Na sentença, porém, o jornalista mudou sua versão. “Esteve presente em reuniões desse grupo, nas quais se tratava da realização de protestos, a serem realizados de forma democrática”, diz o texto sobre o relato de Triboli.

Agora vereador, Gomes afirma que buscará na Justiça reparação pelo que classifica como perseguição política e racista. Ele afirma ter sido vítima de inúmeras abordagens policiais disfarçadas de rotina, mas que os agentes de segurança sempre sabiam quem ele era e que estava sendo processado por causa das manifestações.

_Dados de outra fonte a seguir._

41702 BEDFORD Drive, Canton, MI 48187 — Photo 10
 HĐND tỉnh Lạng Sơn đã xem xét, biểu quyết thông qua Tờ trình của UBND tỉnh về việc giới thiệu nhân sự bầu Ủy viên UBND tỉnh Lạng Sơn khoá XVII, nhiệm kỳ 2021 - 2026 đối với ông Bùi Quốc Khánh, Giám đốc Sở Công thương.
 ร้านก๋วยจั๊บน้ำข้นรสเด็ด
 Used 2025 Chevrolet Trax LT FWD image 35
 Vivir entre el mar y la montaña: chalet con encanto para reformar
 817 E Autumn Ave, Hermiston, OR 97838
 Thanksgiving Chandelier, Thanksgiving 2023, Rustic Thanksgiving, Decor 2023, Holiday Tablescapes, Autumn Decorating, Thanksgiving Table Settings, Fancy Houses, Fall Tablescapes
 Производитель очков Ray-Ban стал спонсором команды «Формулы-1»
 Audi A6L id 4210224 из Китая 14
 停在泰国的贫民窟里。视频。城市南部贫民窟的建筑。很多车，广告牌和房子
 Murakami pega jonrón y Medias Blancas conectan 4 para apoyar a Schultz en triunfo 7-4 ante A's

Os agentes tabém perguntavam sobre seus ideais políticos e por que defendia causas como direito ao transporte de qualidade, por exemplo.

Historiador de formação, Gomes afirma ter sido ameaçado diversas vezes por policiais militares e guardas civis. “Em meio a manifestações já tive situações de agentes de segurança dizerem perto de nós que nossos dias estavam contados, que ‘de hoje não passa’ e que me pegariam e cortariam os meus dreads.”

“O processo foi feito numa lógica racista. Quando entraram na minha casa, perguntaram se eu tinha armas e drogas, um absurdo. Dos seis ativistas investigados, três são negros. Já o jovem preso em flagrante é negro e afirma ter sofrido agressões policiais para confirmar que nós éramos mandantes de crimes, depredações e agressões a policiais. Toda essa mecânica é racista. Tinha 22 anos e fui tratado como um jovem negro infrator, elemento suspeito, não como um jovem negro e líder de um movimento político”, acrescenta.

Procurada pela reportagem, a Secretaria de Segurança Pública do Rio Grande do Sul informou que não comenta ações específicas dos seus agentes nem decisões do Poder Judiciário.

O jornalista Voltaire Triboli dos Santos não respondeu até a publicação deste texto.